All Abstracts > Wanghong as liminal creative labour in China
Wanghong as liminal creative labour in China
Author | Affiliation: Elaine Zhao | University of New South Wales
As the internet opens up pathways to fame, wanghong(literally internet famous) has become a cultural and socioeconomic phenomenon in China with its own diversity and contestations. It constitutes a rapidly growing part of China’s social media entertainment where multiple platforms, modality and business models co-exist as the state develops and disciplines the digital creative economy. With reference to online video production, this chapter discusses how creators seeking fame and fortune online experience multiple layers of liminality: 1) between the professional and amateur; 2) between authenticity and performance; 3) between public and private; and 4) between being harnessed and being disciplined.
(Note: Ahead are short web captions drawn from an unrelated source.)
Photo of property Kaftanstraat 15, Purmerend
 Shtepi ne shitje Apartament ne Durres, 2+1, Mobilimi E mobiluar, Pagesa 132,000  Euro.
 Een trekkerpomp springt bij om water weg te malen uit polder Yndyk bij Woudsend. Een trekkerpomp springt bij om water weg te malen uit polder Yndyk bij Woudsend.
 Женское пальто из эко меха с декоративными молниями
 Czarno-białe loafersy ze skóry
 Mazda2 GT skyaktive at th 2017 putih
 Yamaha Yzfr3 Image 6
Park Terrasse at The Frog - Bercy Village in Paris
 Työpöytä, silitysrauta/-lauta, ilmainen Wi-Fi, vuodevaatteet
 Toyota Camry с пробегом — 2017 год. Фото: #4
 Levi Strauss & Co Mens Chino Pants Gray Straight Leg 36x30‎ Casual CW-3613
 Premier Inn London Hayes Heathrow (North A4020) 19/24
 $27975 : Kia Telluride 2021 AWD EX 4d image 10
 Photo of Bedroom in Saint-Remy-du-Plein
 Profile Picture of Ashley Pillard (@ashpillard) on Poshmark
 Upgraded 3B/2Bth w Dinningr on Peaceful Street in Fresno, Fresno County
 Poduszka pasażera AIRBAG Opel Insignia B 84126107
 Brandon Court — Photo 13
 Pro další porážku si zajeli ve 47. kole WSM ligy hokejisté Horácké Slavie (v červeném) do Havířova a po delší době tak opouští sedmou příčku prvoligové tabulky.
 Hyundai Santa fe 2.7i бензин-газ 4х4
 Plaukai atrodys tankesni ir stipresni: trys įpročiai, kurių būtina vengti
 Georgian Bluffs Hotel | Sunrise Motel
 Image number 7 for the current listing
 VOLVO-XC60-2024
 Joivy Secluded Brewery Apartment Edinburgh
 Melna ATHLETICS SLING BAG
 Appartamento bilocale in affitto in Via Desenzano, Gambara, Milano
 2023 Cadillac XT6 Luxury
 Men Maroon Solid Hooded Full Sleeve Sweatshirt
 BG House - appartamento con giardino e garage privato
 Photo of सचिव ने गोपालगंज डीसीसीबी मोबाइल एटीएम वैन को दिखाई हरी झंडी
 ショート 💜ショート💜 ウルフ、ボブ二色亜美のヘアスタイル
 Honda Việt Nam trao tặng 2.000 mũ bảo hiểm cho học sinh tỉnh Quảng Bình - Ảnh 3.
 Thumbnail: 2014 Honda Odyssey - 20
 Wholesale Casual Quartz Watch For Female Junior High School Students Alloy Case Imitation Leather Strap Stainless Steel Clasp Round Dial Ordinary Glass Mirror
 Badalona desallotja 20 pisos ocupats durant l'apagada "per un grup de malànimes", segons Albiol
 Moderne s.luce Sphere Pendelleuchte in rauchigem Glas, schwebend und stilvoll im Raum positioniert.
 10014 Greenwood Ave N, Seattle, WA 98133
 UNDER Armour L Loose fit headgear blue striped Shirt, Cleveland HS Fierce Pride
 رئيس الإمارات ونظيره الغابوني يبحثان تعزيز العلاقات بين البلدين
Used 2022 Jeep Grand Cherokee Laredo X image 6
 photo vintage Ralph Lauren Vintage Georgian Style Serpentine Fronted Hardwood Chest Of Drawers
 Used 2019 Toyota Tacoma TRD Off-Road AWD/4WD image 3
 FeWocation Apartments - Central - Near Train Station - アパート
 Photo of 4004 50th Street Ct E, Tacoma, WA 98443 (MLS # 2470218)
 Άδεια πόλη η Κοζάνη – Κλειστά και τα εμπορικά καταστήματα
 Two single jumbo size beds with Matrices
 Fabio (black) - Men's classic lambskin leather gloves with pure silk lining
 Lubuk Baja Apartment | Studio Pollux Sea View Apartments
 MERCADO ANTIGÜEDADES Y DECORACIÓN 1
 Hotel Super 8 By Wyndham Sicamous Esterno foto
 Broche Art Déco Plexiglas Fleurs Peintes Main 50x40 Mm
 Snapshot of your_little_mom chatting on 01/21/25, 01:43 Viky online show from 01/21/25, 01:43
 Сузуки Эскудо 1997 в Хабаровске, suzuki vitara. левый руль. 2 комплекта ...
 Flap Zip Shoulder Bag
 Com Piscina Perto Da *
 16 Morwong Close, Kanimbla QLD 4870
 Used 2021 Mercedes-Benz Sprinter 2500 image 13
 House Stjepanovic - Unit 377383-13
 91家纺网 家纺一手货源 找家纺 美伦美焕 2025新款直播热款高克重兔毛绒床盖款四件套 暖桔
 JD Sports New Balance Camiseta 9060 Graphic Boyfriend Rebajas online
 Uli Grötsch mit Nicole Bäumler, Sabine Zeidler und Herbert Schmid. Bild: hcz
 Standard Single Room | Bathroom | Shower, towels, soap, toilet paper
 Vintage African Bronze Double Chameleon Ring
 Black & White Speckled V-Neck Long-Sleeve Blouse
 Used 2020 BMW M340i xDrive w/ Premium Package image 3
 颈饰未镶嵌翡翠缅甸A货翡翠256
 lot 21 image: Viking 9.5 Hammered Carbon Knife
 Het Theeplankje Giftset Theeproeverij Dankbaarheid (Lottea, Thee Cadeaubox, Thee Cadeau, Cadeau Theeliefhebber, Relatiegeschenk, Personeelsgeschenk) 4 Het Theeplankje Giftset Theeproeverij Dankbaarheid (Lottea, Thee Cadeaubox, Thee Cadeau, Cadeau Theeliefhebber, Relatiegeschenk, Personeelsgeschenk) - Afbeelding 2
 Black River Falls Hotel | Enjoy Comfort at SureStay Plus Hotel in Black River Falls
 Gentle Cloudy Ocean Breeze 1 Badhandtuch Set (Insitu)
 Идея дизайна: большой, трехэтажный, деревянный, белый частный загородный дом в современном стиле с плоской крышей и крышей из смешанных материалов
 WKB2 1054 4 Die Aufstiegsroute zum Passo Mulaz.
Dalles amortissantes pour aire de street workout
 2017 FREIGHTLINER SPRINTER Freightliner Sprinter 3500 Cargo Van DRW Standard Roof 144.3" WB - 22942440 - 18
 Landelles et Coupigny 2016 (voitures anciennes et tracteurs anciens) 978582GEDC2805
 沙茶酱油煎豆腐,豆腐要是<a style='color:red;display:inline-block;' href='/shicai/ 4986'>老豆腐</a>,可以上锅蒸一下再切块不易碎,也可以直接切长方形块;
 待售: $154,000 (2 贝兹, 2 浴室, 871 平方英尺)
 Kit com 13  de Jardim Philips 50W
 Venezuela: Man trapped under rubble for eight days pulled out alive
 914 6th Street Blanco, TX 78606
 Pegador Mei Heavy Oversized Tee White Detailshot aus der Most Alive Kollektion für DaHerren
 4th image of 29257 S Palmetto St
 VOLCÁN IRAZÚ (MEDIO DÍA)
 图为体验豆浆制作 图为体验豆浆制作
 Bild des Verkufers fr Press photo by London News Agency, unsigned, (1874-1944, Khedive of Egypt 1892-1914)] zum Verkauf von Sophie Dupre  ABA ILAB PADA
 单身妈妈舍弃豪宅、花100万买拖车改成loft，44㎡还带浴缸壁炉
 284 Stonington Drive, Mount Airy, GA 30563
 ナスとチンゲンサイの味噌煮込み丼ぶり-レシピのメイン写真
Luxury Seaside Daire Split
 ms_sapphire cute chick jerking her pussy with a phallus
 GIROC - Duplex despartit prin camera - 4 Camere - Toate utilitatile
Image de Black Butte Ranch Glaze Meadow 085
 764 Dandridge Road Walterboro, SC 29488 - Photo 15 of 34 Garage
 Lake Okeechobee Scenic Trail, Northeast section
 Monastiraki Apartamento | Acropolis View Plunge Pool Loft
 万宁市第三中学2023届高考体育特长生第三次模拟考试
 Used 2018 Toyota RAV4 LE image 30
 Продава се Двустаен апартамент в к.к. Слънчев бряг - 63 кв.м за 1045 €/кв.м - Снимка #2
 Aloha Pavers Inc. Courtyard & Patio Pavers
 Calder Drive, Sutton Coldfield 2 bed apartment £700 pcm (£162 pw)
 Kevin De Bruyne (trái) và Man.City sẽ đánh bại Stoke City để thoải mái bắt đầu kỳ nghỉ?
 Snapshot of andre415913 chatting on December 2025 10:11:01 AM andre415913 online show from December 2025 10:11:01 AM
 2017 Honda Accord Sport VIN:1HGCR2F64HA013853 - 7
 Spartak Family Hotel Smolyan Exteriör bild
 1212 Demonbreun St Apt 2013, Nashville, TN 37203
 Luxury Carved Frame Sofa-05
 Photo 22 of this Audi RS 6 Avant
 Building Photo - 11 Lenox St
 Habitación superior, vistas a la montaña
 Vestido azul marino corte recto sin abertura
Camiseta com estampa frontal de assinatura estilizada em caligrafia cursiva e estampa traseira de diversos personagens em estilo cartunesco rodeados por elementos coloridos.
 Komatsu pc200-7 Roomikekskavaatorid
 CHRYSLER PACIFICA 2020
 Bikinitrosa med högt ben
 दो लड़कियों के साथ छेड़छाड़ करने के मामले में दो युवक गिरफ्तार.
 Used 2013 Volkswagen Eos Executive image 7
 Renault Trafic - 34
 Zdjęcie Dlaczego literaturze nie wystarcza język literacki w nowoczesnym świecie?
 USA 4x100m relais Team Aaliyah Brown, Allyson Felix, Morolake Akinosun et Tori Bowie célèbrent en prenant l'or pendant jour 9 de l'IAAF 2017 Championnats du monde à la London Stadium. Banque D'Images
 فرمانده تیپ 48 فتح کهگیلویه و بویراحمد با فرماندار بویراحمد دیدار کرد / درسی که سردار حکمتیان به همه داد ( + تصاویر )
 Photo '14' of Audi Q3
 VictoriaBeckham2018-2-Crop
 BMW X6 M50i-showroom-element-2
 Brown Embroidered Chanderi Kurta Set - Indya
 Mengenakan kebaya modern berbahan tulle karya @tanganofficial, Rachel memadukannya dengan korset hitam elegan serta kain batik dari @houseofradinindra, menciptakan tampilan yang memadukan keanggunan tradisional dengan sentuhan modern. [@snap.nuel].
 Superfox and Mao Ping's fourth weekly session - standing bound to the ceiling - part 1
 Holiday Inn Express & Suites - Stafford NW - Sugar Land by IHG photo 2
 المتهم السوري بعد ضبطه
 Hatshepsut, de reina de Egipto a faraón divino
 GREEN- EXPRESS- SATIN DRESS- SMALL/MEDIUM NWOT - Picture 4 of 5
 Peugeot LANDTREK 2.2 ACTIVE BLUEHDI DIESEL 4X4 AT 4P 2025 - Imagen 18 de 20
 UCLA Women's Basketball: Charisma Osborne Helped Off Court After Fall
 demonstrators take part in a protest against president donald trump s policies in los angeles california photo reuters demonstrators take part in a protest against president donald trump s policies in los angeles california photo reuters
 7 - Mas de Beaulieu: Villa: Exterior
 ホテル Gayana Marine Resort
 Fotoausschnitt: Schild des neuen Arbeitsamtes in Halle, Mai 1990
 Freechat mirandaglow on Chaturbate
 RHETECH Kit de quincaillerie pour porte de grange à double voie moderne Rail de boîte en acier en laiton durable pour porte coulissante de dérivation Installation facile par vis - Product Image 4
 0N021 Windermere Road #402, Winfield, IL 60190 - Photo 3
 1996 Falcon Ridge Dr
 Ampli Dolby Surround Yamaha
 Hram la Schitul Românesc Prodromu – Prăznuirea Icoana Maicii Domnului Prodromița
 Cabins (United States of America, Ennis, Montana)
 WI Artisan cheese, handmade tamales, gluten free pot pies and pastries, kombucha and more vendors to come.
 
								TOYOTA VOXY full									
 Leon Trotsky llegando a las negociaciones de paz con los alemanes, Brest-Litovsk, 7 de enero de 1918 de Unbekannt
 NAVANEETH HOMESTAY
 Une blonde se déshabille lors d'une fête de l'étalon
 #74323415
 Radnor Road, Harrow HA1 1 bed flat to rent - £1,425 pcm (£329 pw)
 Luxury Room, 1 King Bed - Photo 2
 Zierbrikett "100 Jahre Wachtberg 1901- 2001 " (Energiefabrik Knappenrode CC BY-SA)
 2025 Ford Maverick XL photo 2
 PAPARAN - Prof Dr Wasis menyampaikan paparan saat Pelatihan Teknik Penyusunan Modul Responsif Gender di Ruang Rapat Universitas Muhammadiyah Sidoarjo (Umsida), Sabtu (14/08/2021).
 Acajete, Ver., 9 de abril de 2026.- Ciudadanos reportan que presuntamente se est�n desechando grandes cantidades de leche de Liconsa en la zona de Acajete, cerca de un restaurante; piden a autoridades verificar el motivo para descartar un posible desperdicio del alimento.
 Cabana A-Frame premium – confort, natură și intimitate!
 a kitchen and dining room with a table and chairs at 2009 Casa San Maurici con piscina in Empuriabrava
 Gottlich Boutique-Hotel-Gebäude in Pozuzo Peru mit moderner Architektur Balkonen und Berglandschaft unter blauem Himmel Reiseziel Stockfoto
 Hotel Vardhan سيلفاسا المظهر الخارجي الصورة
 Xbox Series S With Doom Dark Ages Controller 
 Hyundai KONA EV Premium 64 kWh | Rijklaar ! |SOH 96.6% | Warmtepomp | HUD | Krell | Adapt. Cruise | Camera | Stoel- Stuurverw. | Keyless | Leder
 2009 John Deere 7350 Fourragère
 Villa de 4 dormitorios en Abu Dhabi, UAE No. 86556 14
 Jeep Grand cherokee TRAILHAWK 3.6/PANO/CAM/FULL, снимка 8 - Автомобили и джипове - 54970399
The discussion reveals creators’ diverse experiences as they navigate these liminalities which carry both opportunities and challenges; and explains how their experiences involve both agency and precarity as internet fame is gained, lost, relocated or transformed in China.
About the author
Elaine Jing Zhao is senior lecturer at the University of New South Wales Sydney. Her research interest lies in creative labour, platform governance, informal media economy and media globalisation. She is the author of Digital China’s Informal Circuits: Platforms, Labour and Governance and China’s Digital Presence in the Asia-Pacific: Culture, Technology and Platforms (co-authored with Michael Keane, Haiqing Yu and Susan Leong).